Nicht nur Bekanntes fegt in exzellenter Qualität über die Altstadt: Titel ihrer aktuellen CD „Bananas“ (wie den Opener „Silver Tongue“) mischen sie unter die Klassiker; komplexe Kompositionen in bester Purple-Tradition, dramatisch, raffiniert, voller Spielräume für solistische Eskapaden des Gitarristen Steve Morse und des neuen Keyboarders Don Airey – ob sie freilich Aufnahme in den Kanon der Purple-Evergreens finden werden, bleibt abzuwarten. Unter die Haut geht „Contact Lost“, eine furiose, effektvolle Gitarrennummer, die der tödlich verunglückten Columbia-Crew gewidmet ist, mit der die Band befreundet gewesen war.

Furioser Maestro
Die besondere Neugierde der Fans gilt natürlich dem neuen Herrscher über das Purple‘sche Tasten-Imperium -– und Don Airey stillt sie mit Vergnügen: Selbstbewusst tritt er mit einem grandiosen Solo in die großen Fußstapfen seines Vorgängers Jon Lord, dessen Faible für symphonische Opulenz der neue Maestro hörbar teilt. Von Bach bis Brubek, von Mozart bis Star Wars führt sein virtuoser und witziger Parforceritt.

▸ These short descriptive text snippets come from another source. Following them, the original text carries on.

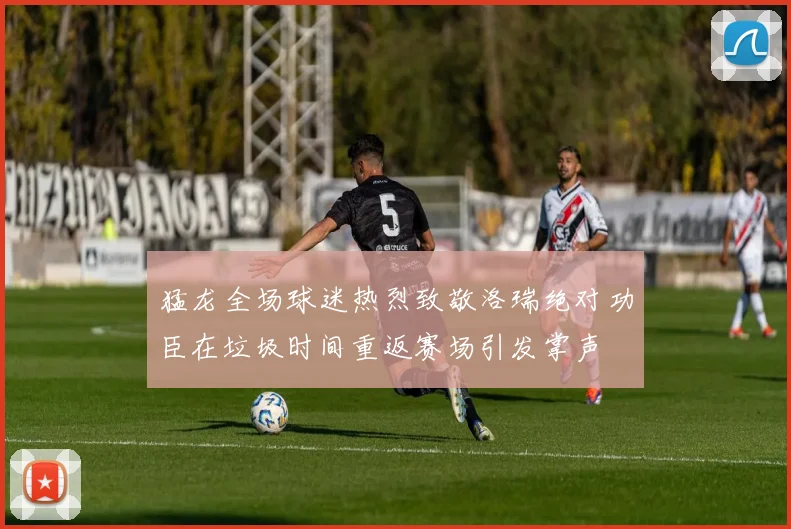 猛龙全场球迷热烈致敬洛瑞绝对功臣在垃圾时间重返赛场引发掌声
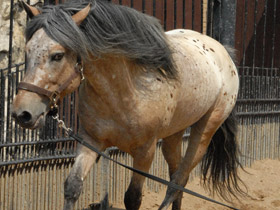 Смотреть фото Домашние лошади Фото Домашние лошади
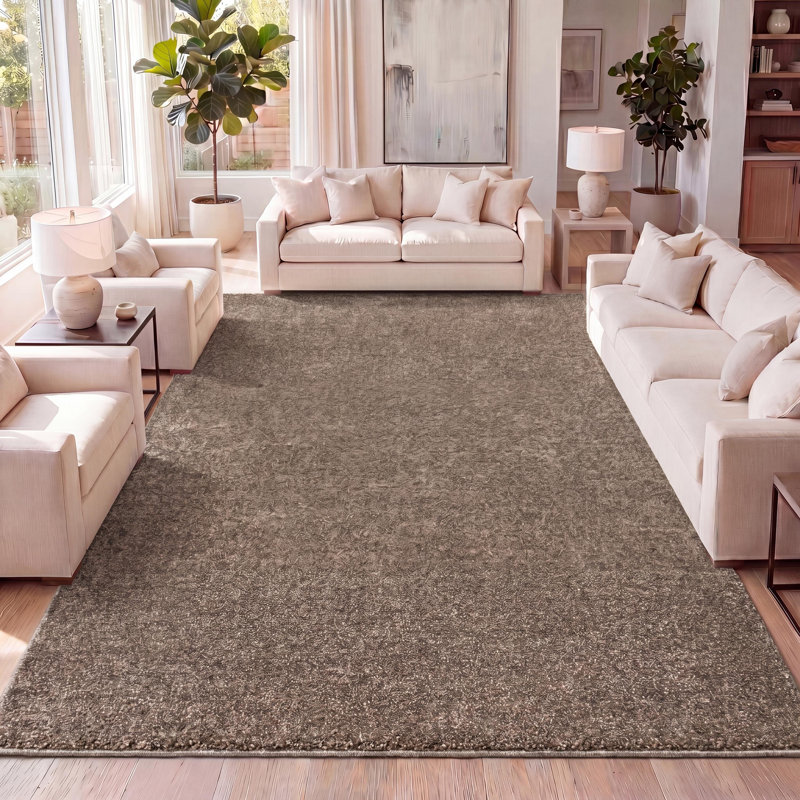 Tapis brun Antto, Rectangulaire 8 pi x 10 pi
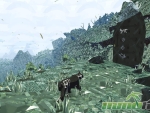 meadow-exploration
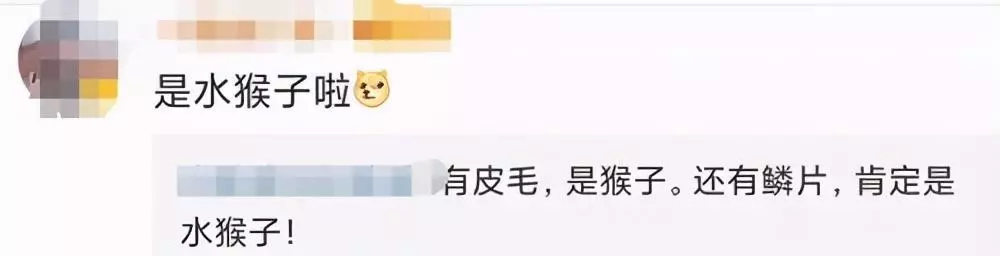 定风猴是什么动物(23)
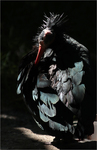 Mrchorout (ibis skaln)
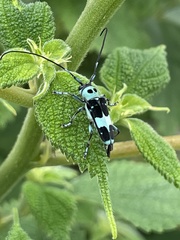 Paraglenea fortunei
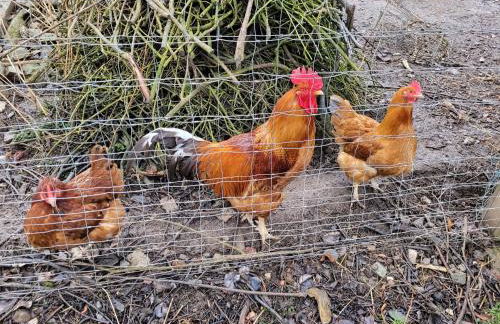 Historisches Ferienhaus "Schwalbennest" mit Eseln - Photo 18
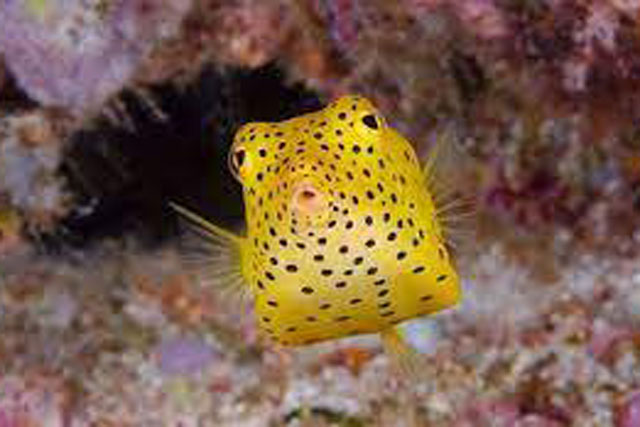 Vì sao loài cá nóc hòm vàng có thể bơi với cơ thể hình hộp vuông vức?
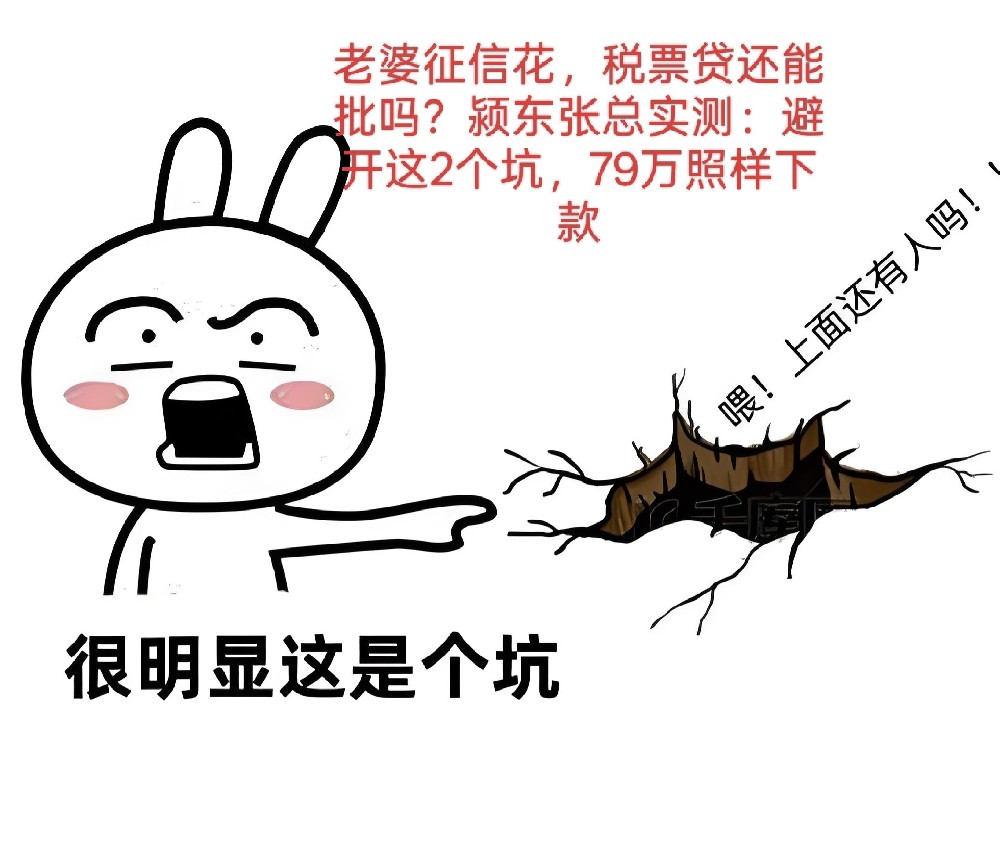 老婆征信花，税票贷还能批吗？颍东张总实测：避开这2个坑，79万照样下款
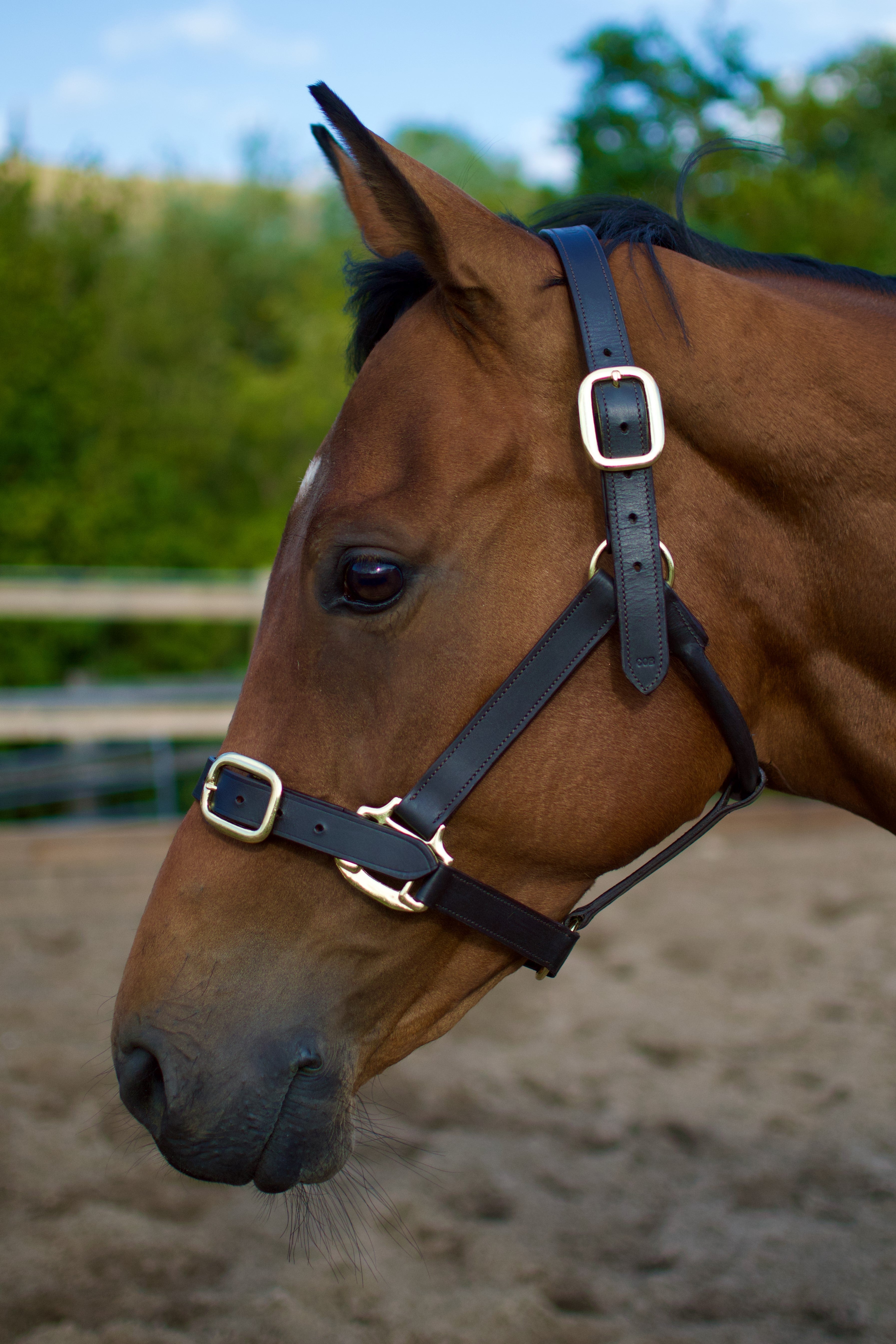 CAMEO LEATHER HEADCOLLAR BLACK Horse Headcollar by Equiflair- Premium Leather Headcollar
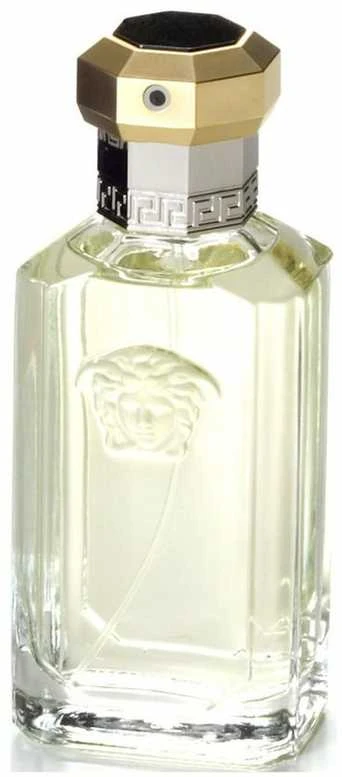 Kvepalai vyrams Versace The Dreamer EDT, 100 ml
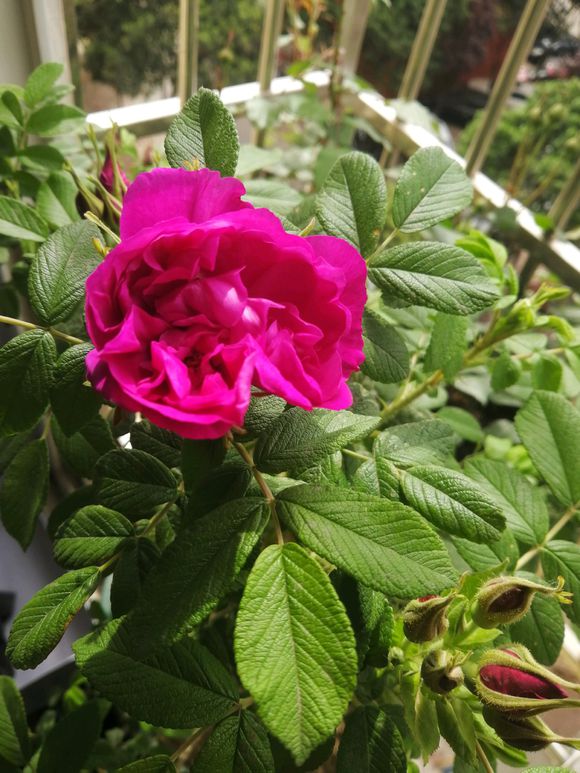 新长出的玫瑰花枝叶发蔫怎么回事,食用玫瑰花苗发蔫怎么救治
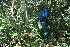  (Pedilanthus - BioBot11759)  @11 [ ] CreativeCommons - Attribution Non-Commercial Share-Alike (2010) Daniel H. Janzen Guanacaste Dry Forest Conservation Fund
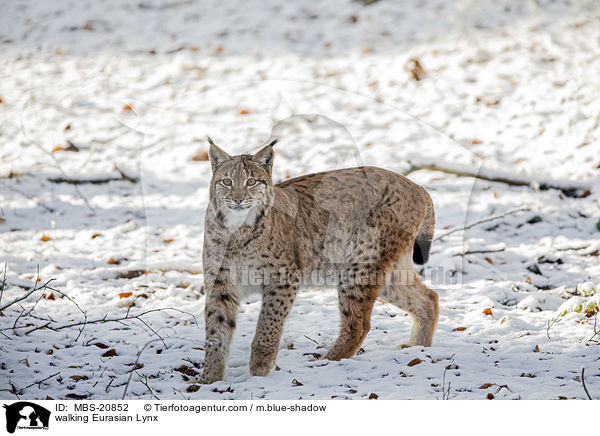 laufender Eurasischer Luchs / walking Eurasian Lynx / MBS-20852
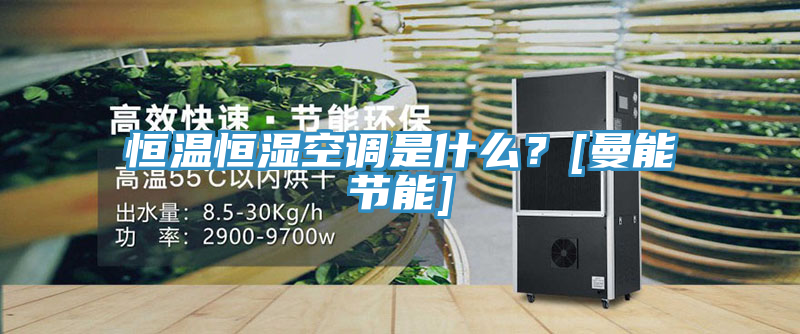 恒溫恒濕空調(diào)是什么？[曼能節(jié)能]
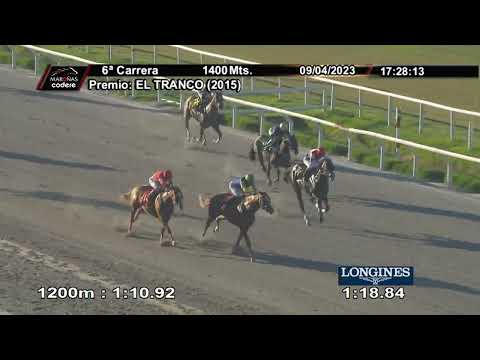 230409 c06 WARRIOR (BRZ)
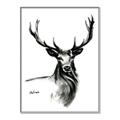 Picture of Sketched Deer  _GroupedProduct_Rectangle_Portrait_Canvas_Framed_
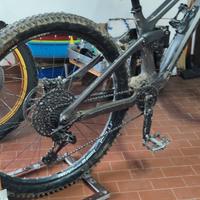 Transition Sentinel carbonio M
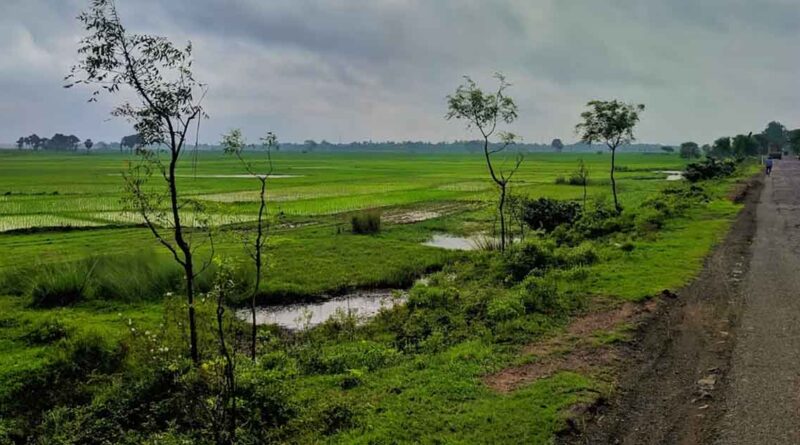 मध्यप्रदेश में मानसून की आहट, ग्वालियर-भोपाल-इंदौर समेत कई जिलों में बारिश- तेज हवाओं का अलर्ट; IMD ने जारी की चेतावनी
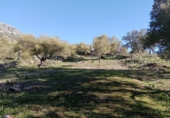 Casa de campo con terreno en venta en la Cortes de La Frontera, Cortes de la Frontera, ref: TR77375 foto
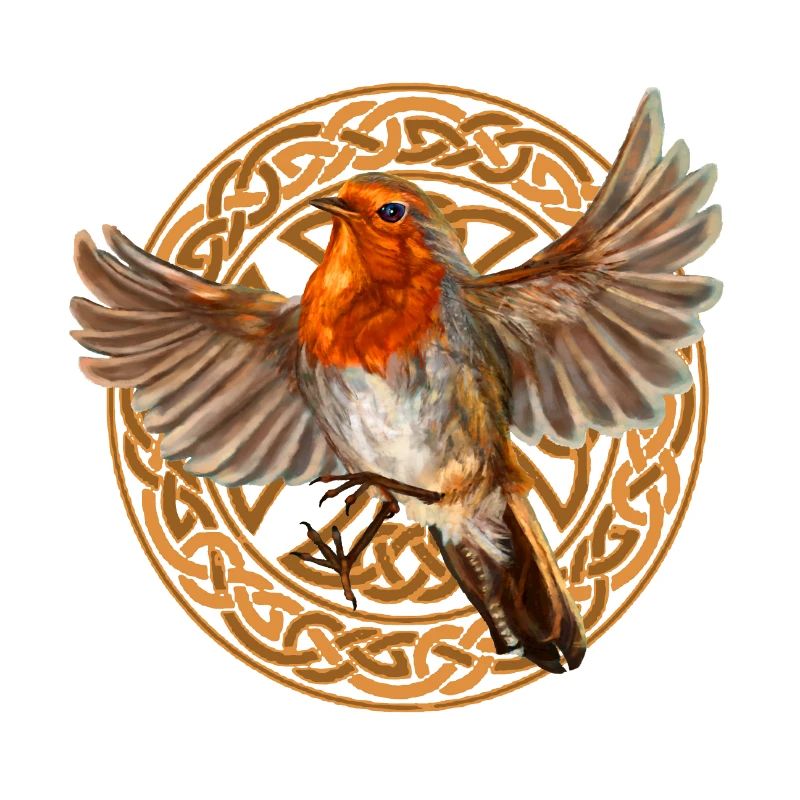 oiseau Rouge-gorge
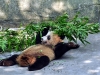 china-20090722-039-chongqing-zoo-panda-etc.jpg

So richtig aus dem Häuschen freilich geraten die 7000, wenn Deep Purple ihre Klassiker – hauptsächlich aus dem 1971er-Album „Machine Head“ – förmlich zelebrieren: „Woman from Tokyo“, „Strange kind of woman“ und – die pure Ekstase – „Highway Star“. Als kurz vor Elf das wohl ruhmreichste Gitarrenriff der Rockgeschichte Herzog Ernst schier vom Sockel fegt und 7000-stimmig „Smoke on the water“ ertönt, glaubt eine kleine dumme Regenwolke Tränen über das nahende Konzert-Ende vergießen zu müssen. Doch ohne Zugaben lässt Coburg die Altmeister nicht ziehen: „Hush“ führt weit zurück in die Band-History, Roger Glover lässt den Bass glühen, Don Airey improvisiert aus gegebenem Anlass „Singin‘ in the rain“ – und Ian Gillan geizt nicht mit Komplimenten fürs wunderbare Publikum.
Die Band, so scheint‘s, könnte noch locker weiterrocken – doch der Zeitplan ist gnadenlos. Und nach neun Stunden – und so manchem Bier – kommt wohl auch vielen Zuschauern das Stehvermögen abhanden.